A generous teen's unselfish act….



A generous teen's unselfish act will help the pet

overpopulation

problem, but a pending bill is key



Saturday, October 24th 2009, 4:00 AM



Emily Orchant, of Manhattan, is seen with her two flat-coated retrievers, Marley (l.) and Ruby.
Emily Orchant, of Manhattan, is seen with her two flat-coated retrievers, Marley (l.) and Ruby.



In Hebrew, the phrase tikkun olam means "repairing the world."

That's exactly what 13-year-old Emily Orchant set out to do last week when she donated all of the money she received from her bat mitzvah celebration to help end the city's pet overpopulation crisis.

"I wanted to do something so animals don't get killed anymore in shelters where they have 72 hours to find a home or die," said the upper West Side eighth-grader, who loves riding horses and hanging out with her flat-coated retrievers, Ruby and Marley.

Emily has donated about $5,000 to the Toby Project, a nonprofit group run by her family's veterinarian, Dr. Andrew Kaplan.

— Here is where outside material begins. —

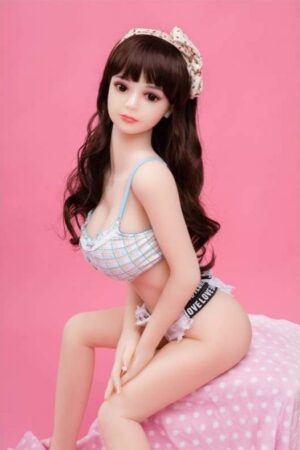 Mineko - Mini boneca sexual com seios grandes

The group provides free spay and neuter operations to low-income pet owners who could not otherwise afford to fix their pets. Emily's generous donation will cover more than 50 operations.

Left unfixed, 50 cats and dogs eventually can produce more than half a million offspring. Every day, about 70 cats and dogs are euthanized at the city Animal Care & Control shelters because there are not enough cages to hold them or people to adopt them.


This problem exists because too many pet owners allow their dogs and cats to produce unwanted litters without thinking about the consequences. It's a vicious cycle Kaplan says the city cannot adopt its way out of.

Still, one political action group leader says the city shouldn't have to rely on the generosity of New Yorkers like Emily or the handful of private organizations providing the low-cost spay and neuter operations.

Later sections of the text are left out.